Note that mid is the name of the entity of the pipe character, it could have been DIVIDES (the unicode name), VerticalBar or... The above stylesheet could then be used in the following expressions:

<math>
<mrow class="conditional-prob">
<mo>P</mo>
<mo>(</mo>
<mi>A</mi>
<mo>|</mo>
<mi>B</mi>
<mo>)</mo>
</mrow>
<mo>=</mo>
<mrow class="set">
<mo>P</mo>
<mo>(</mo>
<mfenced open="{" close="}">
<mrow>
<mi>x</mi>
<mo>|</mo>
<msup>
<mi>x</mi>
<mn>2</mn>
</msup>
<mo>&gt;</mo>
<mn>1</mn>
</mrow>
</mfenced>
</mrow>
</math>

Scoping by classname#

A magazine or conference web-site presents the abstracts of the various contributions.
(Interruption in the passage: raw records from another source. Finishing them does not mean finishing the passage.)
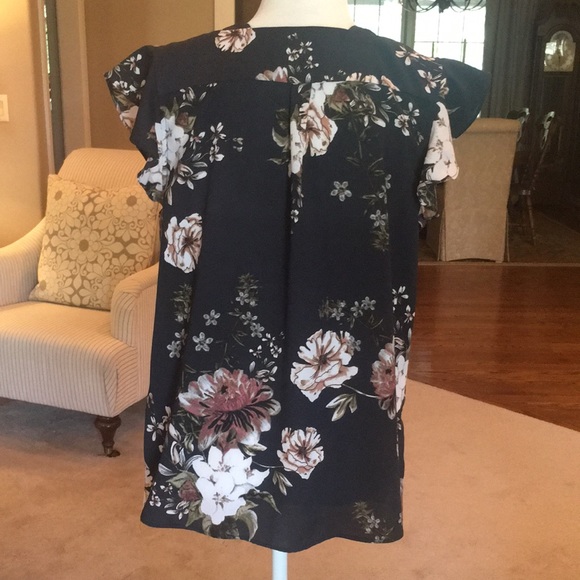 Women’s c & e floral Blouse in Medium - Picture 7 of 12
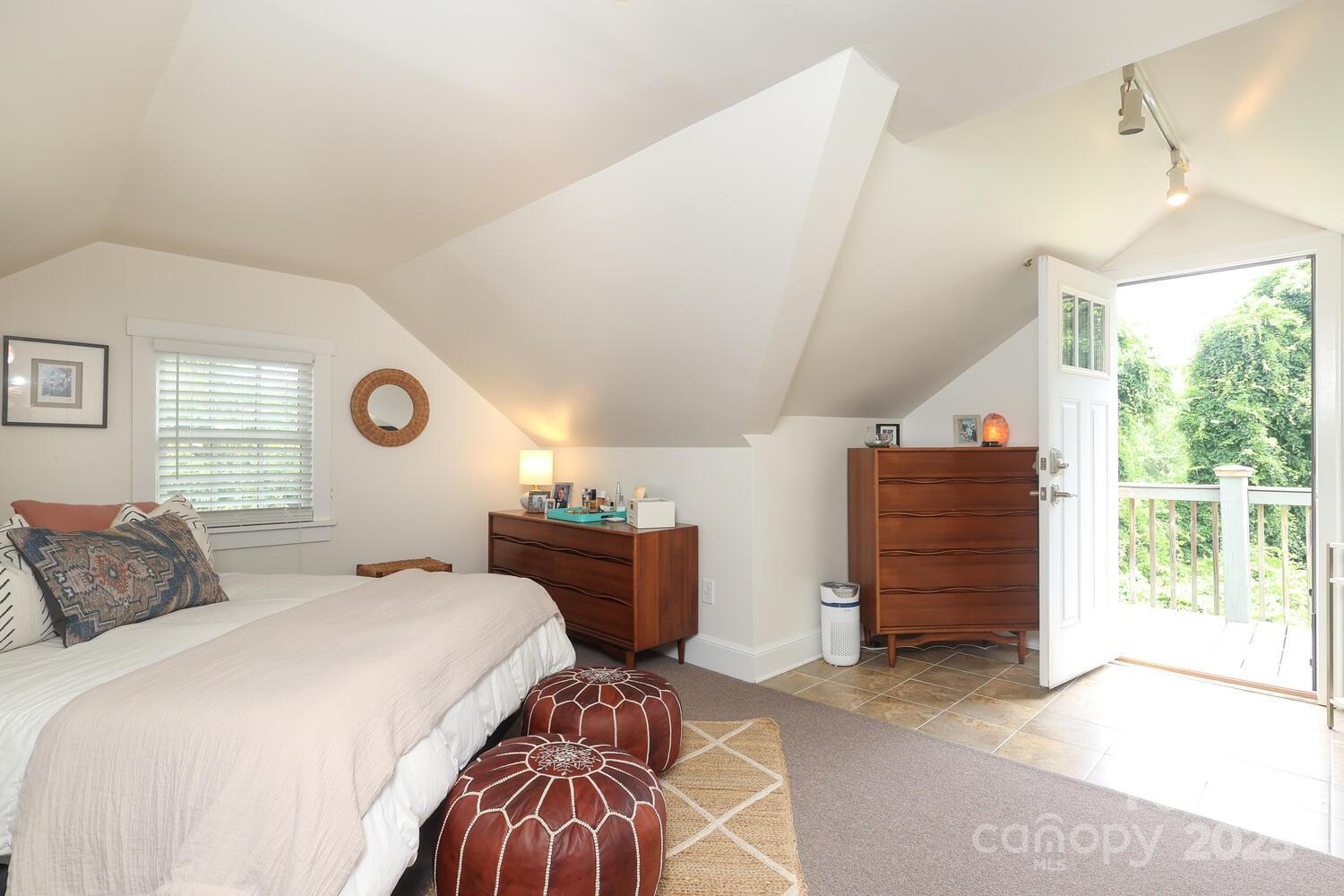 Live Oaks - Residential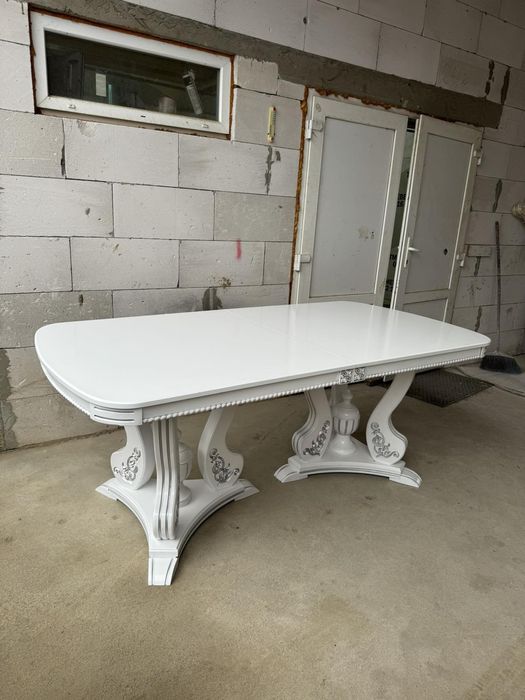 Стіл для вітальні та кухні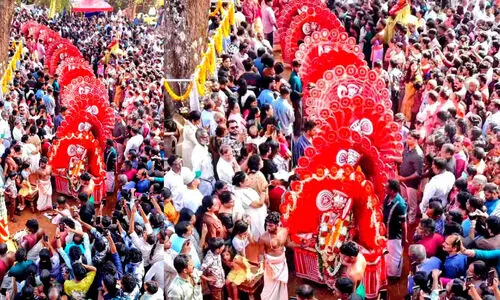 നോക്കുന്നിടത്തെല്ലാം ശാസ്തപ്പന്മാർ; കാണികളുടെ മനംനിറച്ച് 36 ശാസ്തപ്പൻ തെയ്യങ്ങൾ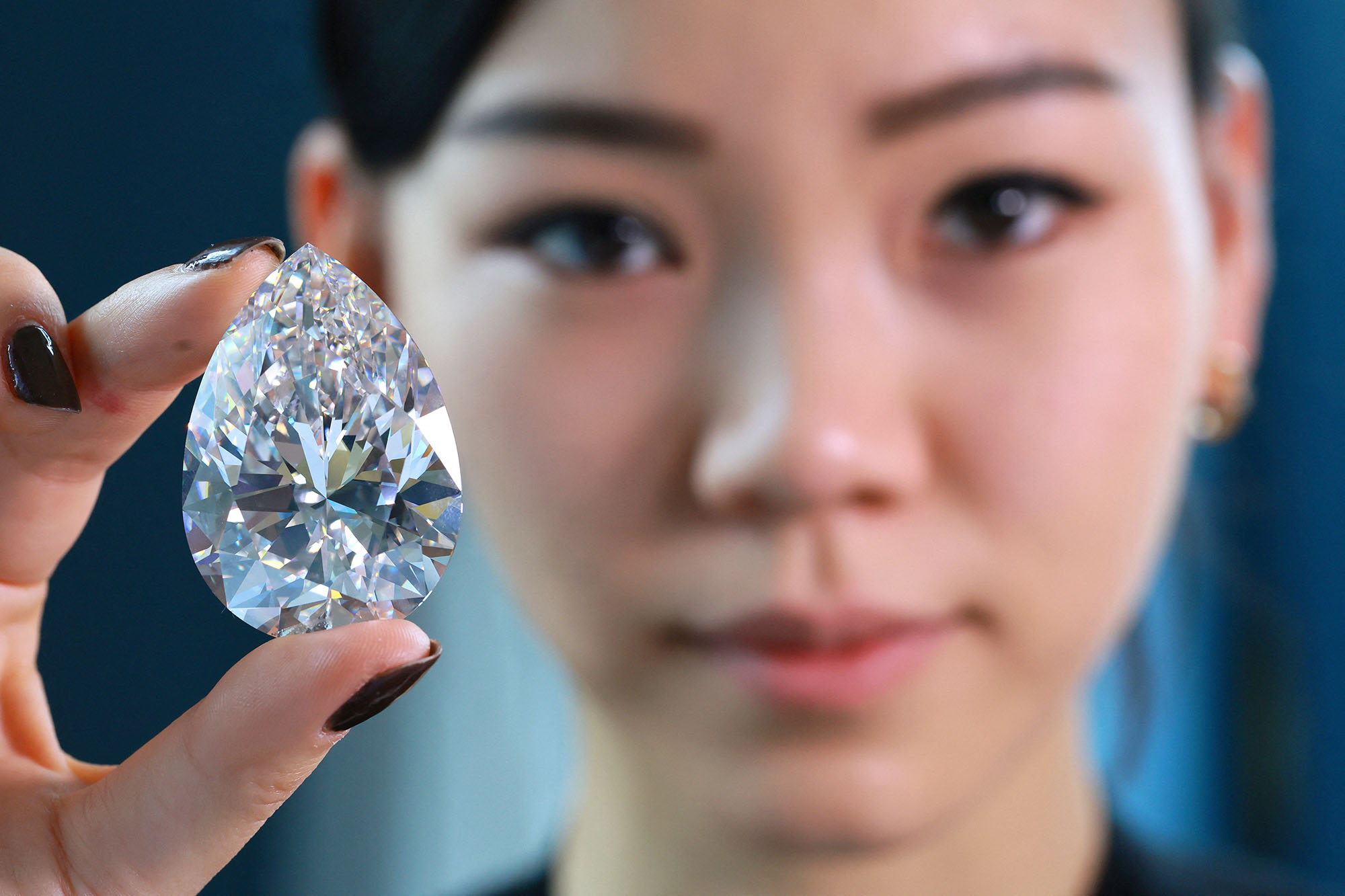 Verdorde spoel Factuur The Rock', a record-setting white diamond, goes up for auction - CNN Style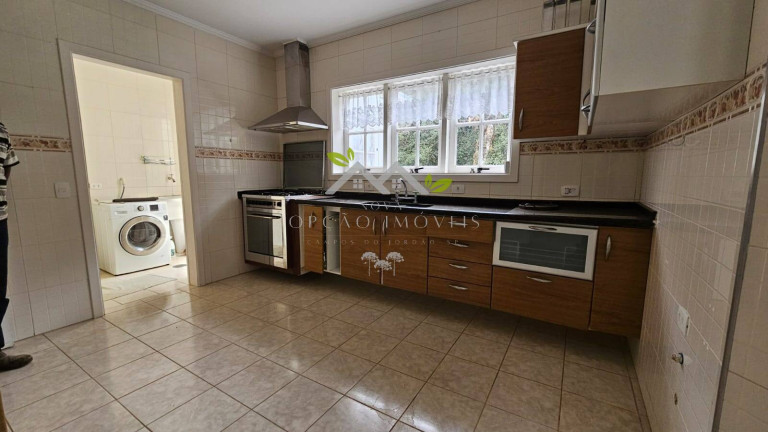 Imagem Casa com 4 Quartos à Venda, 350 m² em Vila Médica - Campos Do Jordão Imagem Casa com 4 Quartos à Venda, 350 m² em Vila Médica - Campos Do Jordão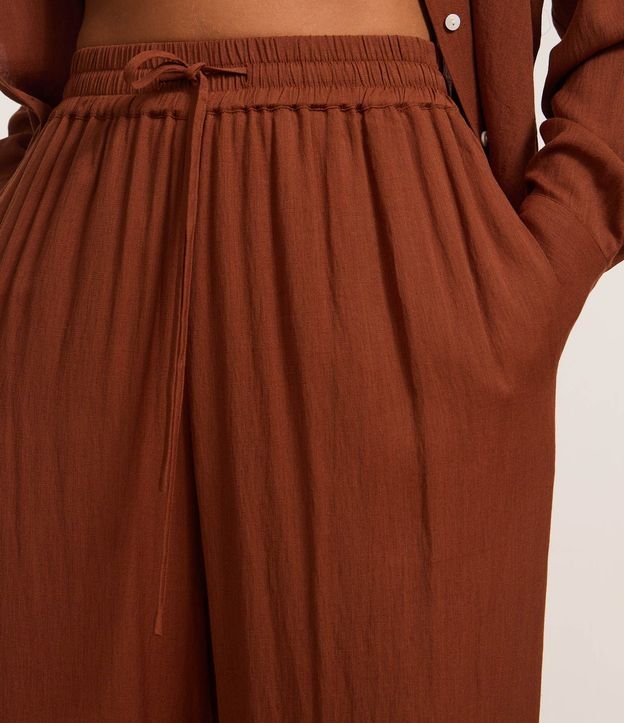 Pantalón Recto Fluida en Cambraia con Cintura Elástica 4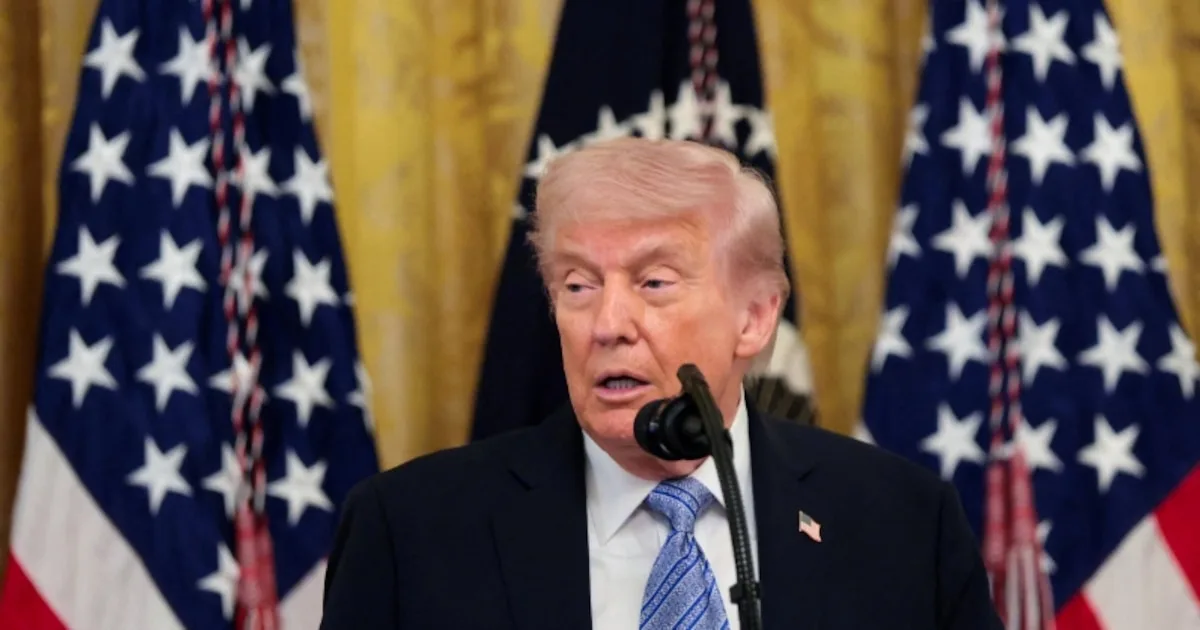 Trump reporta ataque iraní repelido en Ormuz y amenaza con represalia "mucho más violenta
Some abstracts are from different communities so that, say, the expression A~B should either be pronounced as A is congruent to B or as A follows the distribution B.

Because each abstract can be tagged with a classname denoting the "area" it belongs to. The different intents are inherited without the editor actually modifying the MathML expressions of each of the abstracts.


Challenges & Hopes#

Supposing that this becomes widespread practice (indeed, accesibility is becoming more and more of a legal requirement and intents bring an operational way to do so), collecting the stylesheets found around the web could offer a way to complement and, more a challenge, collect translations in multiple languages and communities for the intents' table (the one above really is for the English-speakers only).

Accessibility devices that work with browsers don't get the CSS... That is a problem if operating on mandate of a browser that has loaded a static HTML page. However, CSS inheritance works rather well in most browsers and could, thus, be ported to attributes of the DOM by a JavaScript running in the browser before the accessibility device is addressed. More concretely, the javascript piece would request all inherited properties on any given node and then apply, say, mathintent-mo-mid: "$1 given $2" on all children of <mrow class="set"> which can become an explicit style attribute which the accessibility tool can then use. The idea is that such a style attribute is interpreted before the general table of default intents and it can fire with more priority than it. This offers a way for authors to create context... and hopefully for authors of the table of default intents to take advantage of it to find more intents in different contexts (math domains, languages...).

Changing stylesheet to adjust the purpose might be useful here too: Creating different stylesheets for different recipients and customising stylesheet because of one's stronger knowledge might help the users of accessibility devices obtain a more relevant experience. The change could be in the browser level, at the level of a classroom, at the level of an author, or even at the software level.

And if CSS is still not the right selection language for the stylesheets to be authored... there's a lot of generator out there: You can really industrialize the production of the CSS rules that will produce intents to be applied to the very specific category or media.


Now what?#

This little "what-if musing" was written to enrich the discussion in the Math community and working group. After a first announce, David Farmer and Deyan Ginev commented which resulted to the introduction of a property prefix.